What is needed ▸ Go to the line that includes "Fazendo um pedido" and retype it, then every line after it to the end of the data, adding nothing.

(Collected data entries)
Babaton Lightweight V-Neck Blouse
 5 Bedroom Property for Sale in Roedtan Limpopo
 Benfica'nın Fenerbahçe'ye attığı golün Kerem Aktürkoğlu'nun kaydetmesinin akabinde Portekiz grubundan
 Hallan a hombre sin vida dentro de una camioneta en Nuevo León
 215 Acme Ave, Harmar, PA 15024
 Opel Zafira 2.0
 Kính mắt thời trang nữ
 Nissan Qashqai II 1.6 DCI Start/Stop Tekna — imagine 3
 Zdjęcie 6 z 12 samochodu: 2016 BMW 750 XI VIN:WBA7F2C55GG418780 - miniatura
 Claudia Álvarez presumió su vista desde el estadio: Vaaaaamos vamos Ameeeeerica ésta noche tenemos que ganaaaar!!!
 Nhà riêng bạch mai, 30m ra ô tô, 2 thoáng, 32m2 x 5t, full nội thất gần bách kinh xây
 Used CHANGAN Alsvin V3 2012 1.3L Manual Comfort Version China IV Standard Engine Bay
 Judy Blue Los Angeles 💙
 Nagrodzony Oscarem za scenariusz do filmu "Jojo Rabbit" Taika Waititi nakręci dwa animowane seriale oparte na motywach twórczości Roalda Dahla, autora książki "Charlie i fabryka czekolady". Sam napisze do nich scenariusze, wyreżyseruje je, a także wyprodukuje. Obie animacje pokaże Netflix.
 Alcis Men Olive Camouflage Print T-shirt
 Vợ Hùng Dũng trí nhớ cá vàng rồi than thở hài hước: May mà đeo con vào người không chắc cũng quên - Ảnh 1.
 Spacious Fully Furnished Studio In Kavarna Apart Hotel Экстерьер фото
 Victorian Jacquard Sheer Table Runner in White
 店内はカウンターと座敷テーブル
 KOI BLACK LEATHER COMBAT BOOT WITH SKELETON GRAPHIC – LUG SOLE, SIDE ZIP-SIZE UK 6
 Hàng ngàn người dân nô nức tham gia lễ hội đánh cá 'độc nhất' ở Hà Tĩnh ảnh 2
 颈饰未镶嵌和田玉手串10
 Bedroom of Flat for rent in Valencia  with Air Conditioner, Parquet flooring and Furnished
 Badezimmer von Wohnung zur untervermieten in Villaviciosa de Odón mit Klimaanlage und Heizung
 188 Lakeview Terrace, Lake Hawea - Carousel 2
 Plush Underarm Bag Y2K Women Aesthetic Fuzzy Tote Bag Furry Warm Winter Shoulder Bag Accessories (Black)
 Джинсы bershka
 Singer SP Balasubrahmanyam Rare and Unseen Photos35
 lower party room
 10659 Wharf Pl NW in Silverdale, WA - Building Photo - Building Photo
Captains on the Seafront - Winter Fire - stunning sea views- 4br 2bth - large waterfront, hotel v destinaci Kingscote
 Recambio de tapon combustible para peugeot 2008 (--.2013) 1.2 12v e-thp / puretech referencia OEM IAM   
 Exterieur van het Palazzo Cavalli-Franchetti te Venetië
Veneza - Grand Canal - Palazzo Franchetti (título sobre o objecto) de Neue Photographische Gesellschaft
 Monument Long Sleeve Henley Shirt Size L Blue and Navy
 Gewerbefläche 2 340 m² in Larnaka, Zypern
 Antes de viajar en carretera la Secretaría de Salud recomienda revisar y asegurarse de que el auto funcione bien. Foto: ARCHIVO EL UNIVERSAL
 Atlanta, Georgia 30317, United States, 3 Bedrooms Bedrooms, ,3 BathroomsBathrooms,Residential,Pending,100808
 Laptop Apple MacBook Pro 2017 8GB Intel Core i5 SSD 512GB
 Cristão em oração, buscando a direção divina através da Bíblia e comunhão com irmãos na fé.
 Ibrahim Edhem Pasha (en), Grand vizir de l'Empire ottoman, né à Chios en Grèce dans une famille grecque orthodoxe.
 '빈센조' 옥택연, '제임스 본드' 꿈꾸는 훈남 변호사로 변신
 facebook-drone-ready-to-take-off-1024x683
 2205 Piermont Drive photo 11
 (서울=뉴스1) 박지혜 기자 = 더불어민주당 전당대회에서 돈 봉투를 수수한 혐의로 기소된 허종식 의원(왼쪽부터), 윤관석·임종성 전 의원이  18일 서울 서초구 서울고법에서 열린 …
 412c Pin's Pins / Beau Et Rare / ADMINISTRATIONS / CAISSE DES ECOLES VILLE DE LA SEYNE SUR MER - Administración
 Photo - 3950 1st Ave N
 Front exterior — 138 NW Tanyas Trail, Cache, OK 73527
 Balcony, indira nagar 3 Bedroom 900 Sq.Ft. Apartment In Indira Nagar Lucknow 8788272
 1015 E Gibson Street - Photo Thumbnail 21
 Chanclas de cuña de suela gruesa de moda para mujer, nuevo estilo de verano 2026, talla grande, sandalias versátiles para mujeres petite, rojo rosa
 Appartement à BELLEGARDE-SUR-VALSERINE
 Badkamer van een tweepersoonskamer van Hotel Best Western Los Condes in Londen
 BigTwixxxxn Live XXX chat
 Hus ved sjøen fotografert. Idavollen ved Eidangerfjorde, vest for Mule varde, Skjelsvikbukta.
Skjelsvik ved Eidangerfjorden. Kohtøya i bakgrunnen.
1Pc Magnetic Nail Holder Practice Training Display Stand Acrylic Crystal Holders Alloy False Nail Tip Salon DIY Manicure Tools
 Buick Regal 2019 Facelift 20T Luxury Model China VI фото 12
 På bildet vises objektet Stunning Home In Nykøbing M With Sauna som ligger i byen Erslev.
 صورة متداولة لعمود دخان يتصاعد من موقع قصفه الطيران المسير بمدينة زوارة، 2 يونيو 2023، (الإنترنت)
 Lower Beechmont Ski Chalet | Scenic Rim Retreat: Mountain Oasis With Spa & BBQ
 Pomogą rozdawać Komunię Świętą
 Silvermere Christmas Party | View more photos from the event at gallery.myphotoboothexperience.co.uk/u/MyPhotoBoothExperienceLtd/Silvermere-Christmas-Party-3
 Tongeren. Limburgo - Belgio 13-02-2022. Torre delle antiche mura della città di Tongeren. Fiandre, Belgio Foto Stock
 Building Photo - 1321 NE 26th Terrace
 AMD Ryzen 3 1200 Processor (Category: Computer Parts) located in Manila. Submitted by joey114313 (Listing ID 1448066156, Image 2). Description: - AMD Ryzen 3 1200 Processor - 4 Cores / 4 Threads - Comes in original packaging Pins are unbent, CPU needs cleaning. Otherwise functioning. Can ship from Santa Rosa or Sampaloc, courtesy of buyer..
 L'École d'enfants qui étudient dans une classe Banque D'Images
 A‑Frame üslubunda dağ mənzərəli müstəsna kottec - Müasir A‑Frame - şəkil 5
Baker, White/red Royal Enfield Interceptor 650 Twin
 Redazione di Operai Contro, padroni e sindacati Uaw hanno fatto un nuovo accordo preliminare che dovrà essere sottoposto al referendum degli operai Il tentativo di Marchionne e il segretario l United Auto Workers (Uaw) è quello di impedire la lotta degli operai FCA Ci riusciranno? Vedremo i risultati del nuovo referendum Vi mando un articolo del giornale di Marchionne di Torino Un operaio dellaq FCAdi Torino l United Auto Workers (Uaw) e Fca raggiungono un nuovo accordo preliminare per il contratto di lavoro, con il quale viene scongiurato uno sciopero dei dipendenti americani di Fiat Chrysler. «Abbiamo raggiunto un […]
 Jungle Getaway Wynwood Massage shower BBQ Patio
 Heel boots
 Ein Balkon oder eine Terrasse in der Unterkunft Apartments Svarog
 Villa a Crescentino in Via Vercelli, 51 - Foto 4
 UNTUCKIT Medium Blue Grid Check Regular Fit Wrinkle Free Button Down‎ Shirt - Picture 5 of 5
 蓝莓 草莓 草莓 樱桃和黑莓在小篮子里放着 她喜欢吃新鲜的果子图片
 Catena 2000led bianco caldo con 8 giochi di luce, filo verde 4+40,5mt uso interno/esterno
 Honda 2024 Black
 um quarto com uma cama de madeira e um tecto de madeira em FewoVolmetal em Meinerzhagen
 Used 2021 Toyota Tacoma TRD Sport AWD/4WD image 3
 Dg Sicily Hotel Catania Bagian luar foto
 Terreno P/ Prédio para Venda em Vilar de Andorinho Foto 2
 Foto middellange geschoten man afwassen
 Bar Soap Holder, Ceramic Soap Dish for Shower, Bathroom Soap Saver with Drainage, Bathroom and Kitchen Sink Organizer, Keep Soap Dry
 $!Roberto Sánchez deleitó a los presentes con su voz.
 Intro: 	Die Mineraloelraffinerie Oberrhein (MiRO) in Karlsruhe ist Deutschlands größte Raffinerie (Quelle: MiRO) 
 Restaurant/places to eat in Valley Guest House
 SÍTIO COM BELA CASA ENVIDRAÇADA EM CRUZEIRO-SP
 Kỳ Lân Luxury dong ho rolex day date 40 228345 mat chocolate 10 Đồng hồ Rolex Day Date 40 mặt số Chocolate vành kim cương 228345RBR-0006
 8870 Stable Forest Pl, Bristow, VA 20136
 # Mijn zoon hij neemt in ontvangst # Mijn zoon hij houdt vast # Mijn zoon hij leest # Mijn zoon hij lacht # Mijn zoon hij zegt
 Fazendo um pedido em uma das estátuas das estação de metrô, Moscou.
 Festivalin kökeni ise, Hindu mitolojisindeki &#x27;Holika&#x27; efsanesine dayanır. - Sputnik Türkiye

Response below ▸
 Fazendo um pedido em uma das estátuas das estação de metrô, Moscou.
 Festivalin kökeni ise, Hindu mitolojisindeki &#x27;Holika&#x27; efsanesine dayanır. - Sputnik Türkiye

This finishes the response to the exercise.